The decision this week is seen as a way for acting CFPB Director Mick Mulvaney to attempt to eliminate the payday rule's core requirement that lenders determine a borrower's ability to repay a small-dollar loan.
So far, Mulvaney has just delayed the rule indefinitely. But that can't go on forever and if he attempts to make a substantive change, he will have to provide a reasonable basis for doing so under the Administrative Procedure Act, something that could prove difficult given that the rule was finalized in October on the basis of three years of research.
"To make any changes [to the existing rule] is a high hurdle because it cannot be based solely on a change in policy," said Quyen Truong, a partner at Stroock & Stroock & Lavan, and a former assistant CFPB director and deputy general counsel. "It likely will be a lengthy process to jump through all the hoops of the Administrative Procedure Act requirements.
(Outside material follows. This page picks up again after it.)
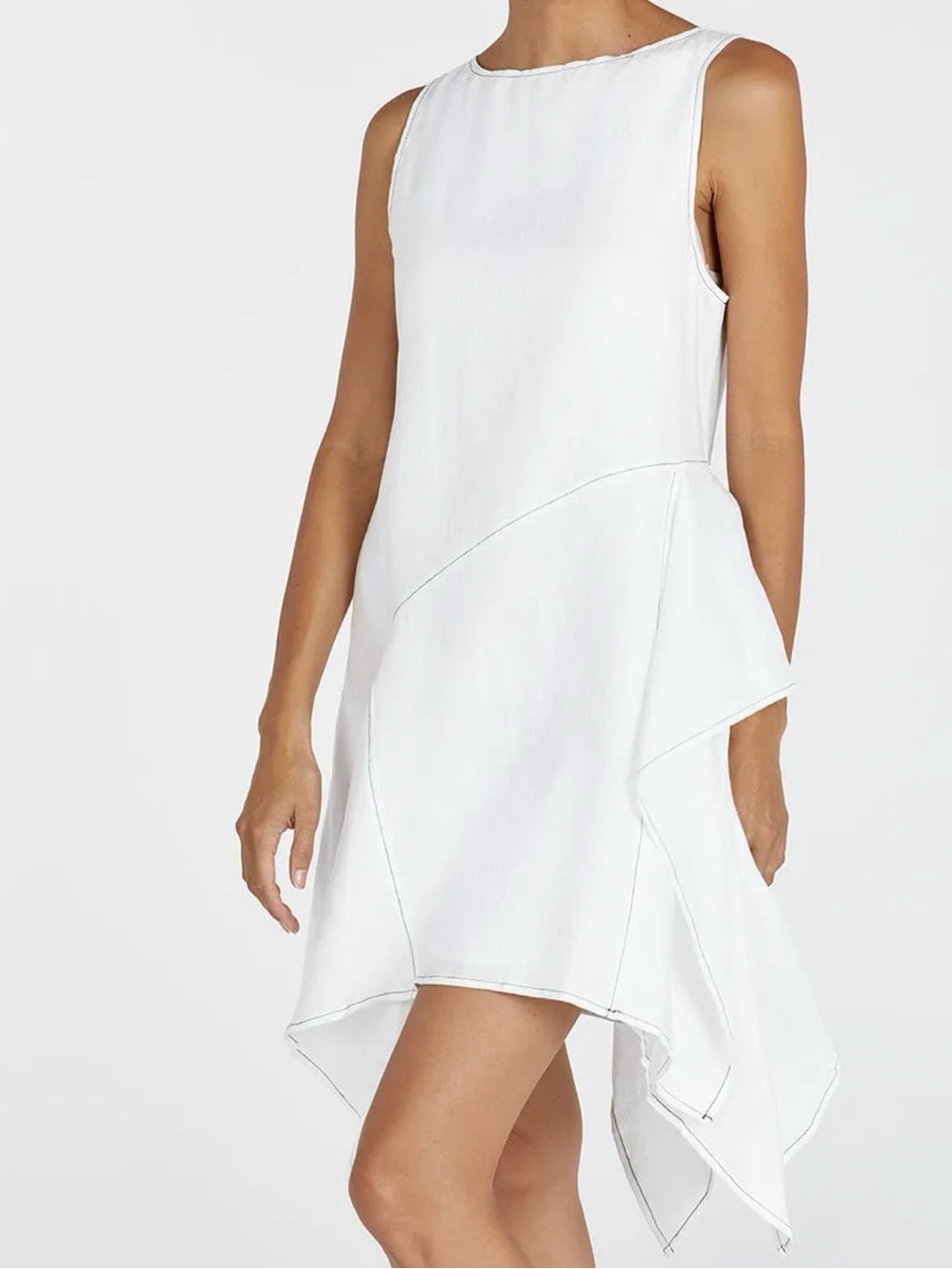 ELSIE WHITE LINEN MINI DRESS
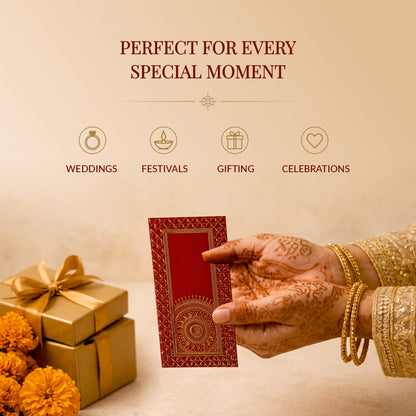 Red Mandala Border Shagun Envelopes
The agency also would have to point to some lack in data or analysis in the original rulemaking."
Practically speaking, the CFPB would have a harder time rescinding the rule than amending it, lawyers said. The agency is expected to issue a new notice of advanced rulemaking, which would be open for public comment for at least 60 days. After the public weighs in, the bureau would issue a new final rule. It also has to conduct an analysis on how it will affect small businesses.
"It is not clear that this necessarily means there will be no payday rule, but there is likely to be a more narrow payday rule," said Ben Olson, a partner at Buckley Sandler and a former deputy CFPB assistant director. "I don't know that current bureau leadership knows how they want to handle this yet other than announcing their intention to do something."
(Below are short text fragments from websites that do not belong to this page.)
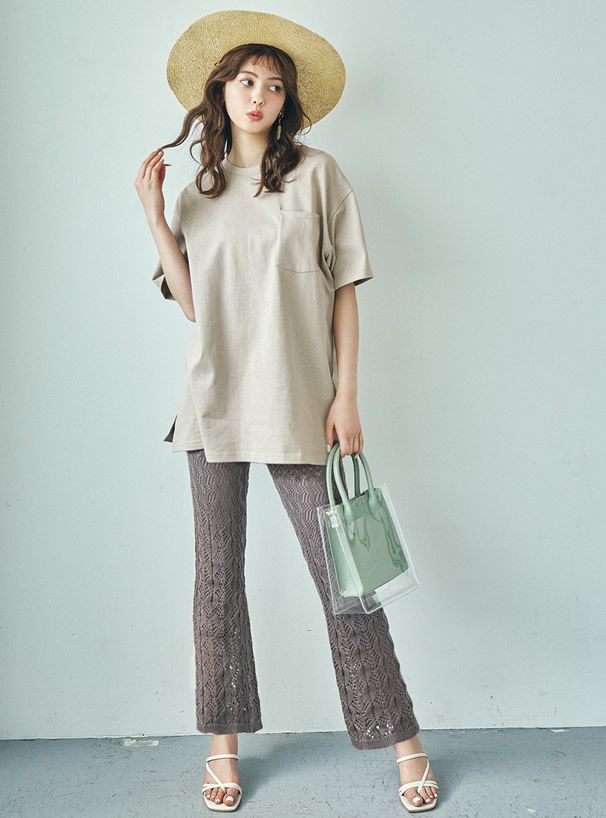 日本 GRL - 夏日定番透明子母手提包/側背包-灰粉棕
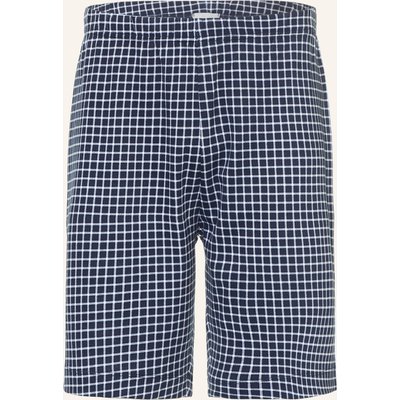 Mey Schlafshorts Serie White Check blau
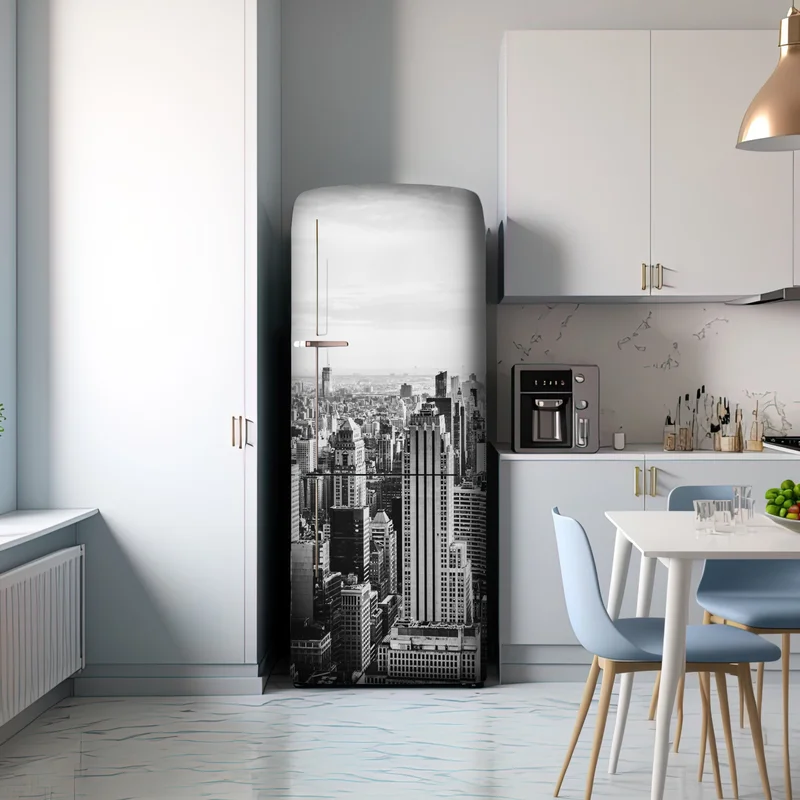 Kühlschrankaufkleber New York panorama in schwarzweiß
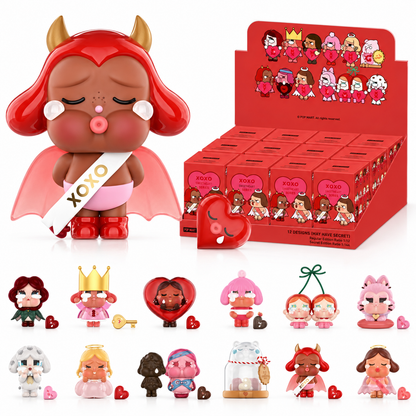 Pop Mart CRYBABY Crying For Love Series mystery blind box collection showing the available character designs and red retail packaging.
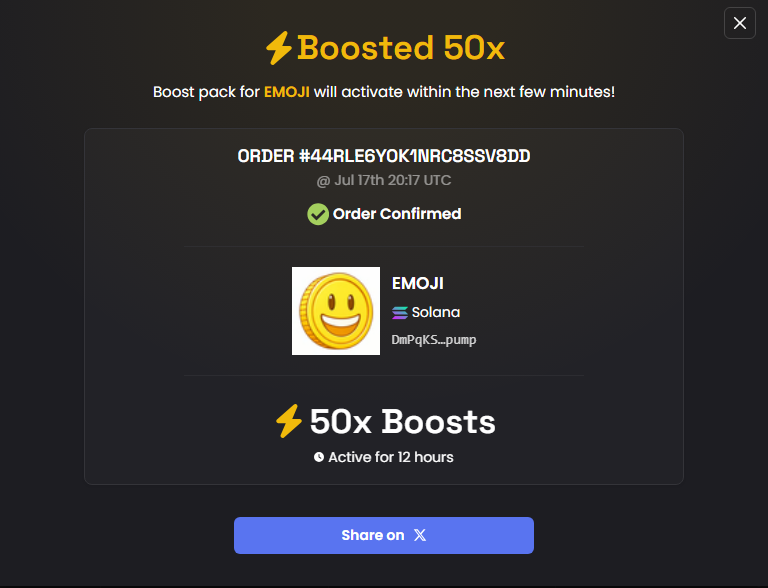 emojicoinonsol's tweet photo. Just done a 50x boost more coming till we at 500x https://t.co/RUk6qkzrtM
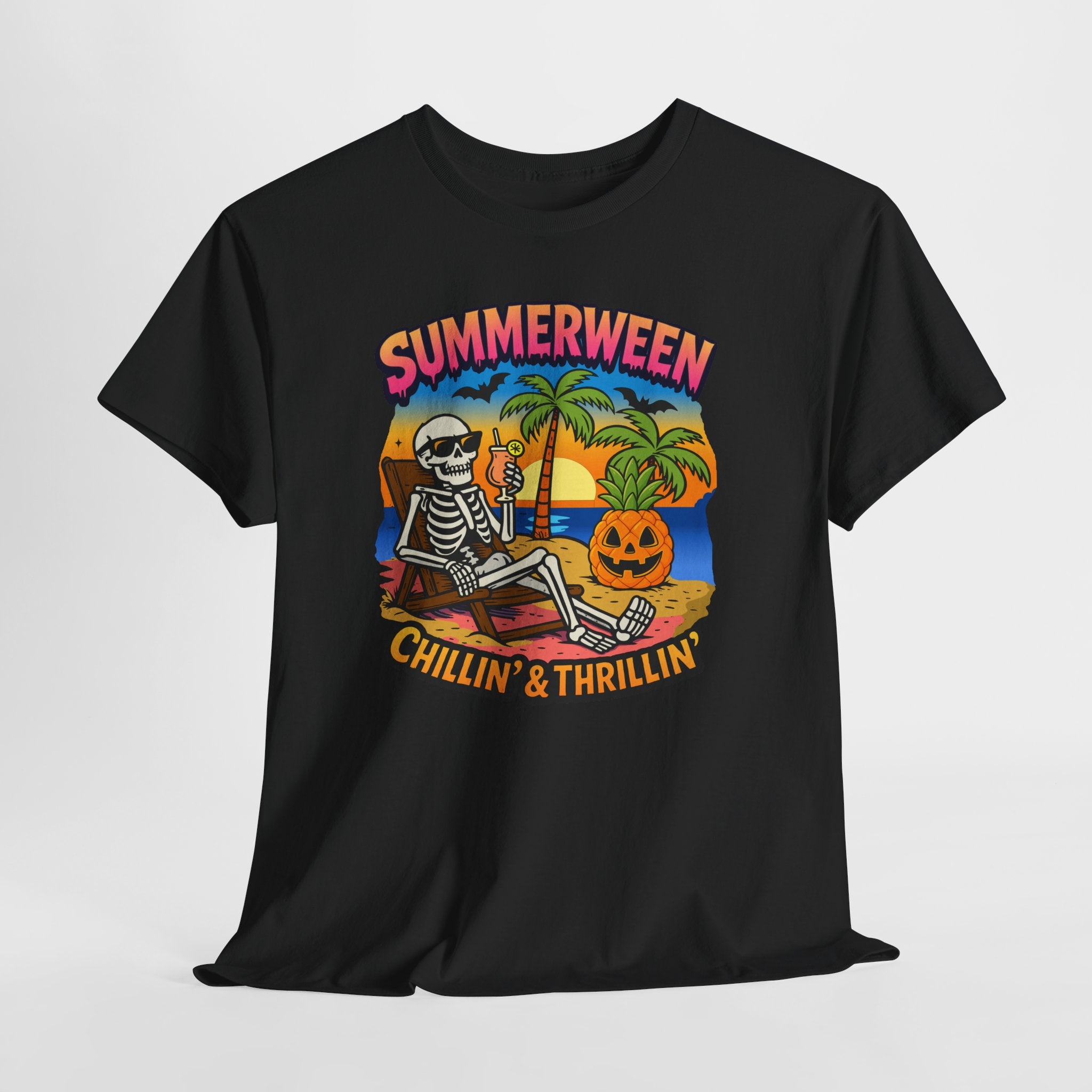 Summerween T-Shirt  "Chillin' & Thrillin'" Skeleton Beach Halloween Tee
Most banks and credit unions are not directly affected by the payday rule, which went into effect Tuesday though lenders have until August 2019 to comply. The rule was narrowly tailored to regulate only loans with terms of up to 45 days.
The rule requires that lenders to fully underwrite small-dollar loans. It also places some restrictions on lenders' ability to automatically withdraw payments from borrowers' accounts and has recordkeeping and disclosure requirements.
Payday lenders have fought the rule, alleging its requirements are too expensive. Payday loans have high fees and interest rates of 300% or more, and the CFPB says they put consumers who borrow against their next paycheck into a cycle of debt.
The industry also has claimed restrictions on payday loans would hurt low-income borrowers who would have no other way to get quick cash.
Last week, the Competitive Enterprise Institute, a conservative think tank, sent a letter to the Office of Management and Budget, which Mulvaney also runs, requesting that it reject the CFPB's final payday rule for violating the Paperwork Reduction Act.
"We can't point to our complaint as the basis on which the payday rule was reopened, but we hope it did have an impact on OMB and CFPB's thinking," said Sam Kazman, the institute's general counsel.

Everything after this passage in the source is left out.